県内の運輸部門(自動車、トラック、バス、航空など)のCO2排出量は23年度時点で107万6千トン(暫定値)。県が掲げる30年度の目標値は89万4千トン(13年度比22・4%減)だが、基準とされている13年度比の削減率はわずか6・7%にとどまる。
達成率を上げるためには、排出量が多い自動車分野の見直しは欠かせない。中でも、エコカーの普及は有効な手立てだ。しかし、保有車両全体のうち、EVなど(PHVを含む)の普及率は0・51%(23年度末)と1%にも満たない。
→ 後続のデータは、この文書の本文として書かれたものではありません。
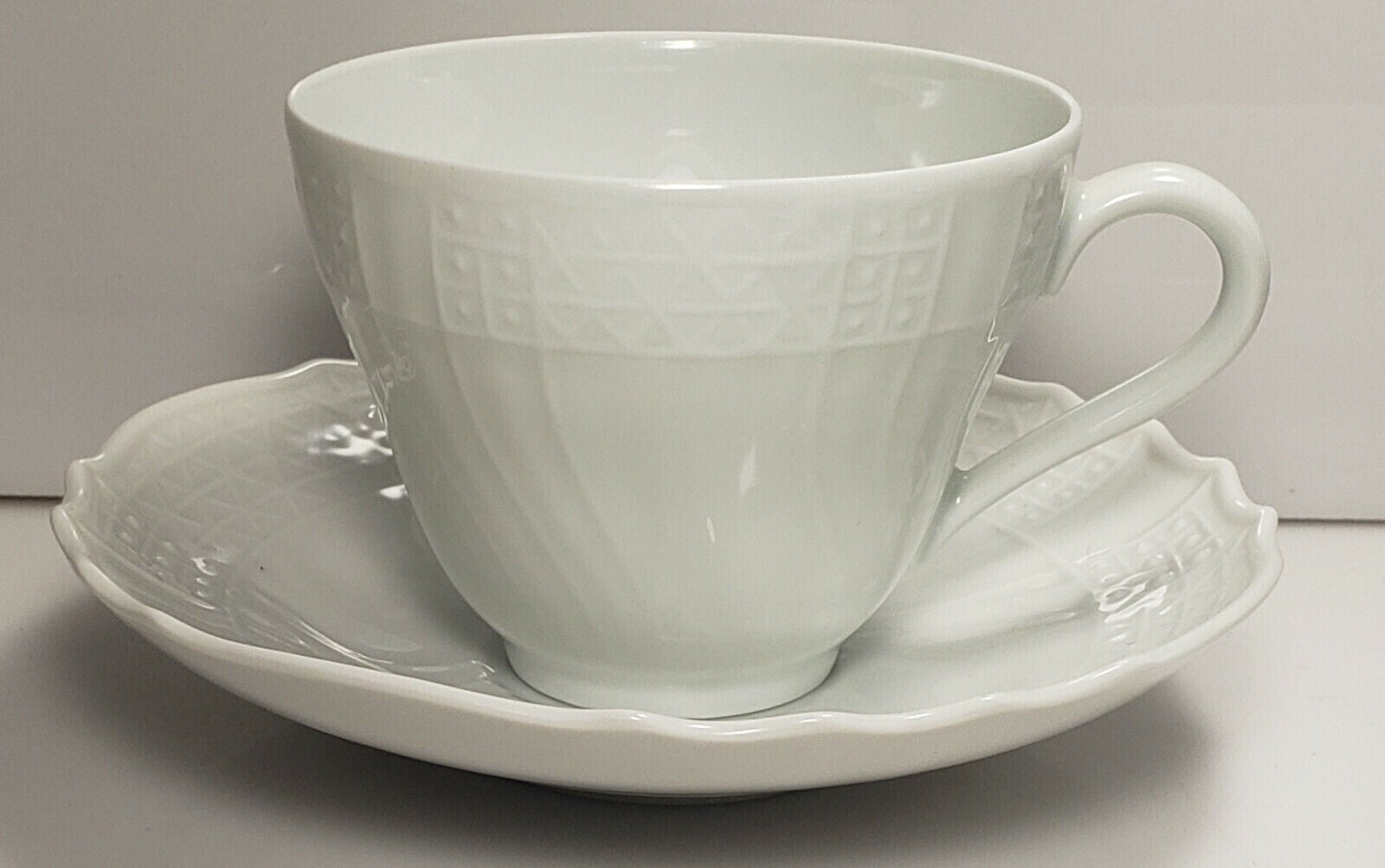 Hutschenreuther Dresden White Cup and Saucer Set 2 5/8"0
県は30年度までに普及率5%を目指すとしているが、道のりは険しい。
◆減税補助金
EVの普及を阻む要因の一つが、高額な車両価格だ。一般的にEVはガソリン車よりも導入費用が高いが、国は車両購入に対する補助金やエコカー減税を実施している。加えて、1キロ走行するための電気代がガソリン代より安いため、維持費を抑えられる利点もある。太陽光発電設備がある家では、自家発電した電気で充電できるため、さらに経済的だ。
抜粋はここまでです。